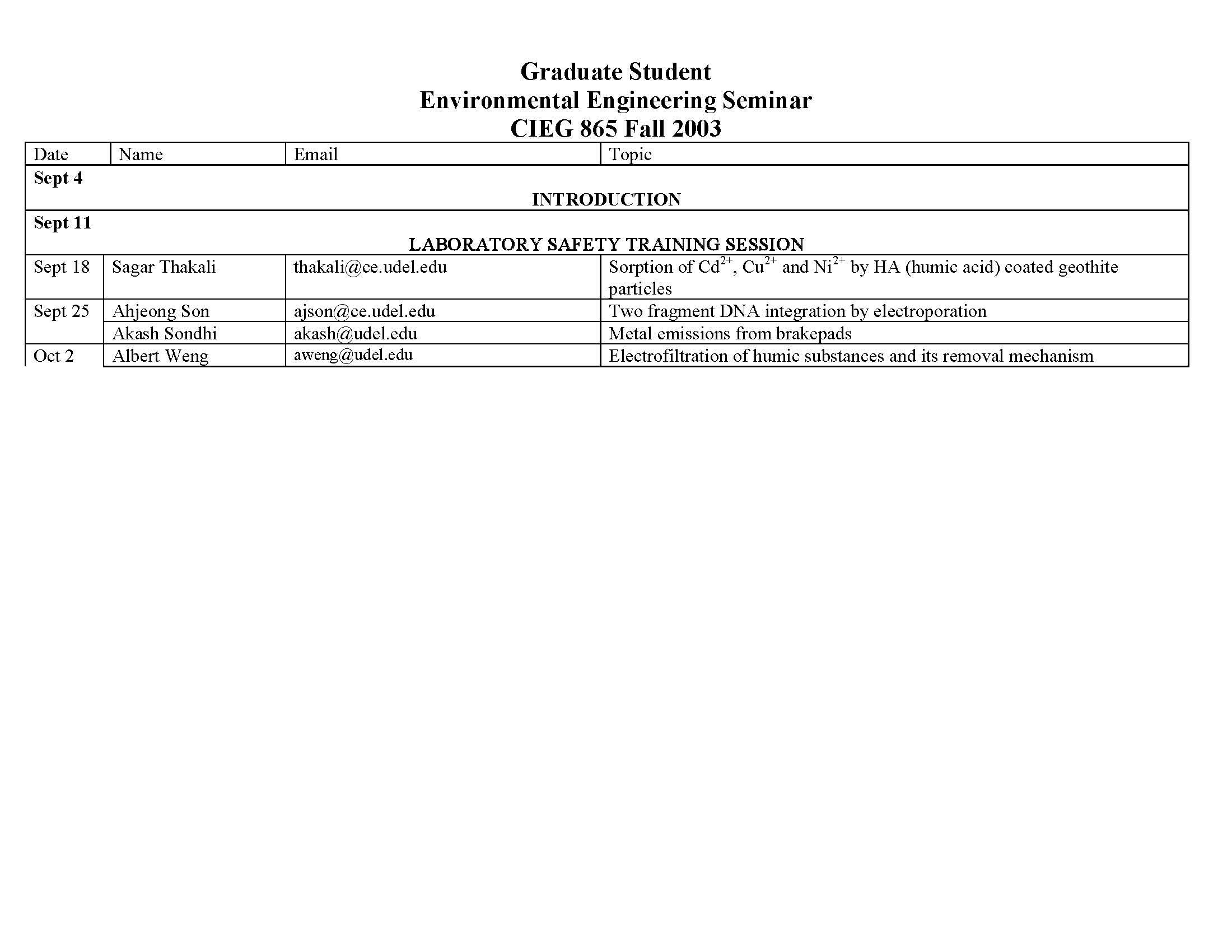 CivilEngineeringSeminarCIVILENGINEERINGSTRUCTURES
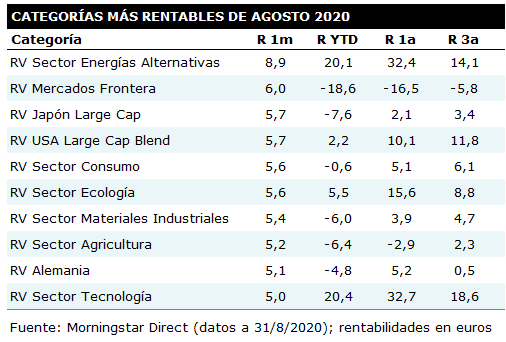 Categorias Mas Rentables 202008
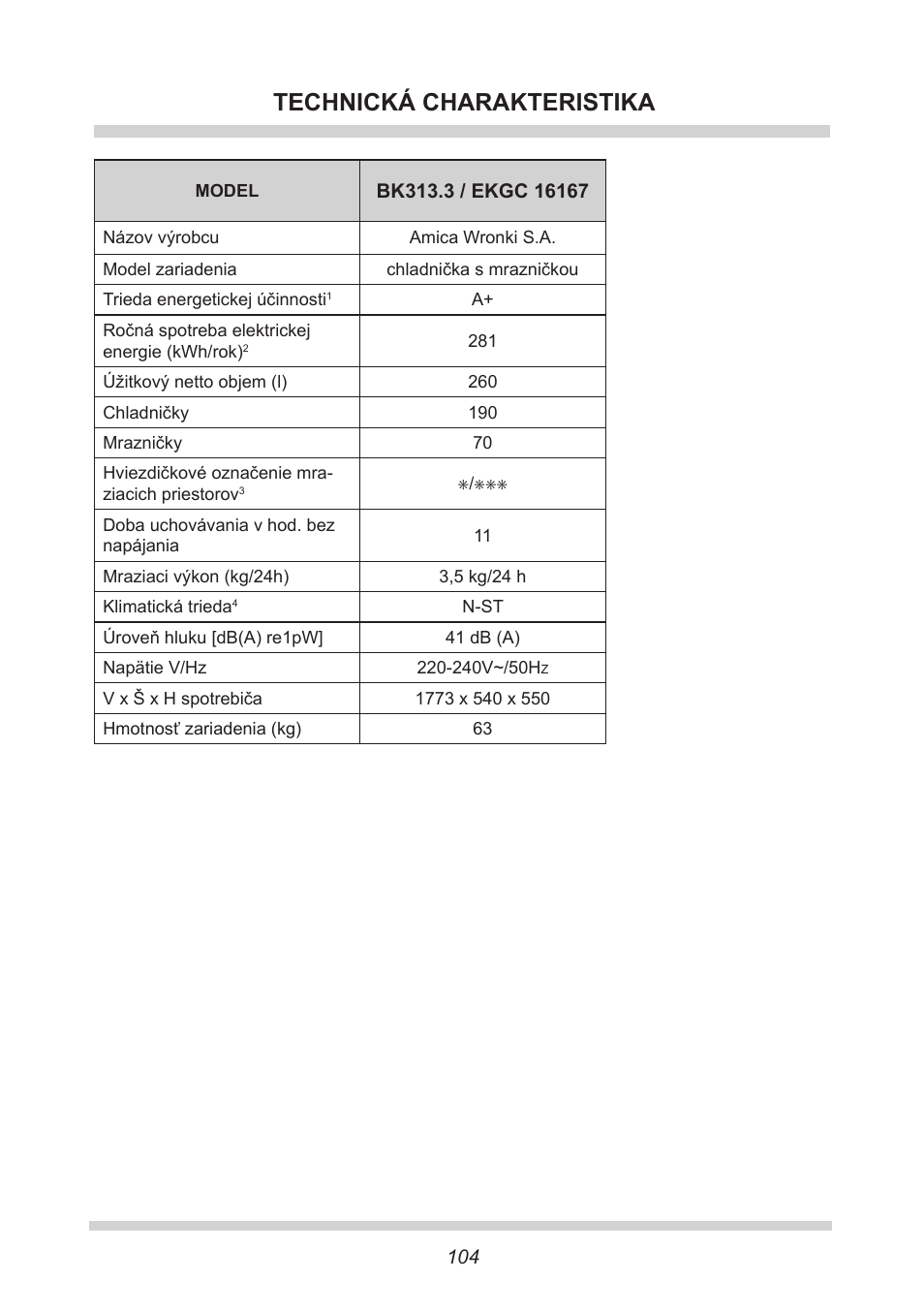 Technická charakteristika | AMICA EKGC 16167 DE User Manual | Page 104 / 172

**TASK STATEMENT:** Every line from the one with "Categorias Mas Rentables 202008" through the last line of the data must be copied exactly. Leave the pictures out.

**SOLVED EXERCISE:**
 Categorias Mas Rentables 202008
 Technická charakteristika | AMICA EKGC 16167 DE User Manual | Page 104 / 172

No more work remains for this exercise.